Thursday, October 30, 2008

Pumpkin Penne Pasta

This Halloween I have not been feeling the costume vibe. Not sure why, but it's ok because all that creative energy has been driven toward pumpkins...yes, pumpkins. I've never made anything with pumpkin before and I want try a pumpkin recipe before the season ends. Unfortunately, the idea of making pumpkin bread or pumpkin pie seems like too much work to fit into my schedule, so I kept pushing the idea to the back of my mind. And then I came across a recipe that drew a raised eyebrow from Jon, but would definitely satisfy my pumpkin infatuation. Pasta with garlic, basil, and tomatoes is guaranteed to be good, but pasta with pumpkin? This was definitely going to be an adventure.

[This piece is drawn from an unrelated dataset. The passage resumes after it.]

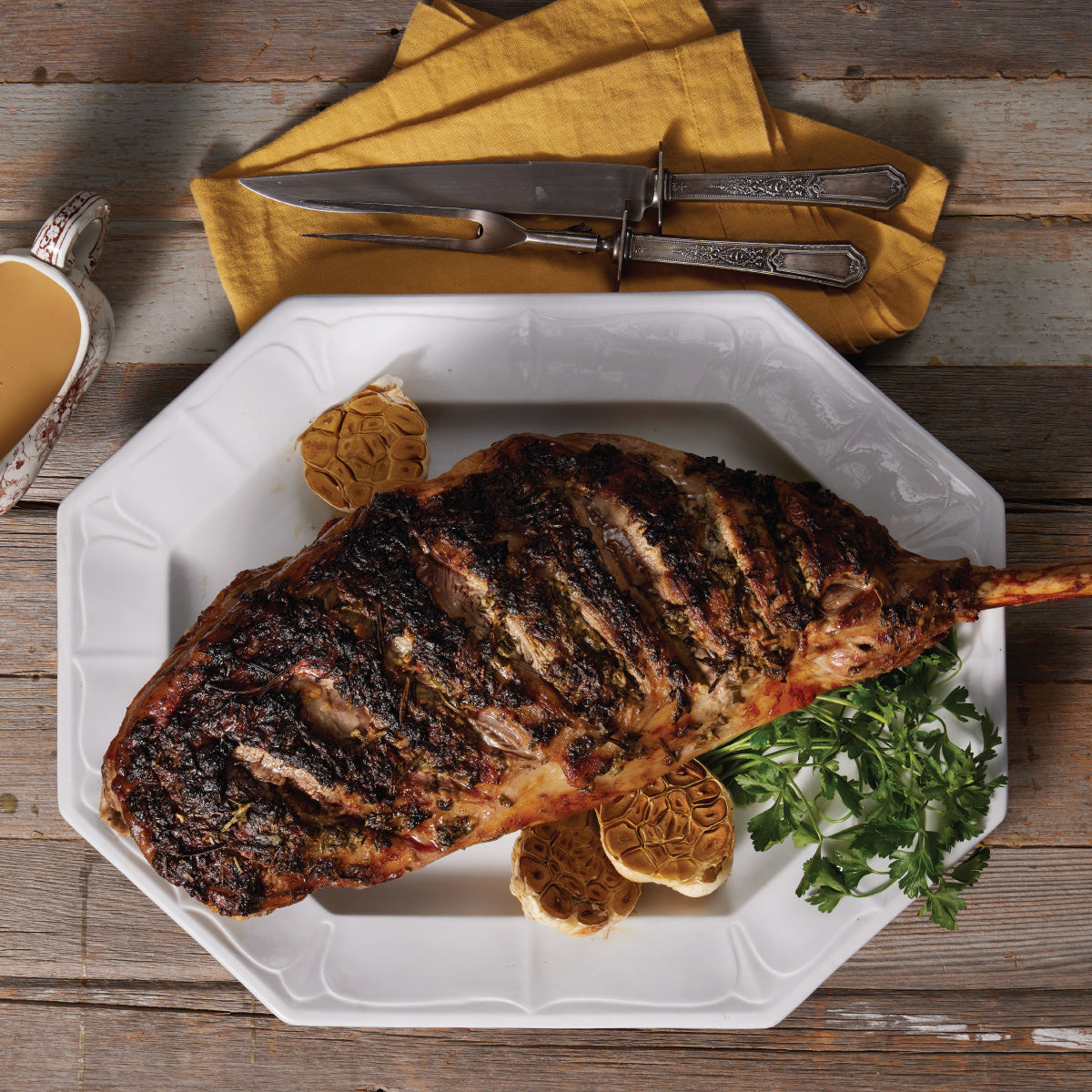 Herb Garlic Leg of Lamb Roast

The recipe is one of Rachel Ray's recipes. I have never been a big fan of Rachel Ray. Her recipes usually don't appeal to me and I don't like her bright orange cookware (ironic since this post is all about pumpkins). But regardless, this recipe intrigued me and I found a rave review about the pasta from someone who feels the same way that I do about Rachel Ray. So, it was worth a shot.

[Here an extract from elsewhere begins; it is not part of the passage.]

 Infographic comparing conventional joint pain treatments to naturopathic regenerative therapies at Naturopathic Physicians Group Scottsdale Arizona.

I followed the recipe to a 'T' and was not impressed. I think it has potential, but it was too rich and too thick. I could envision it being so much better if the sauce was thinner and the pumpkin provided more of a subtle flavor instead of being so dominating. So, instead of posting the original recipe as written on Rachel Ray's website, I'm posting my own take on this recipe. I have yet to try these changes, so if you get to it before I do, let me know what other things we can do to make this recipe worth 5-stars.

Pumpkin Penne Pasta

1/2 lb penne pasta
2 Tbs butter
3/4 cup heavy cream
1/4 tsp pepper
1 cup pumpkin puree
1 cup reserved pasta water

1/2 cup parmesan cheese
1/4 cup chopped fresh parsely
salt and pepper to taste

Boil the penne pasta in salted water until al dente. Drain, but reserve 1 cup of the pasta water for the sauce. Put pot on low-medium heat and add cream, butter, and 1/4 tsp pepper stirring occasionally until butter is melted. Add pumpkin puree and pasta water and thoroughly mix. Increase heat to medium-high and stir until sauce boils. Reduce heat to low and add parmesan. Once mixed in, taste sauce and add salt and pepper as needed. Once satisfied, turn off heat and add pasta to pot. Stir to coat. Add parsley. Stir to coat. Serve with a sprinkle of parmesan and parley on top.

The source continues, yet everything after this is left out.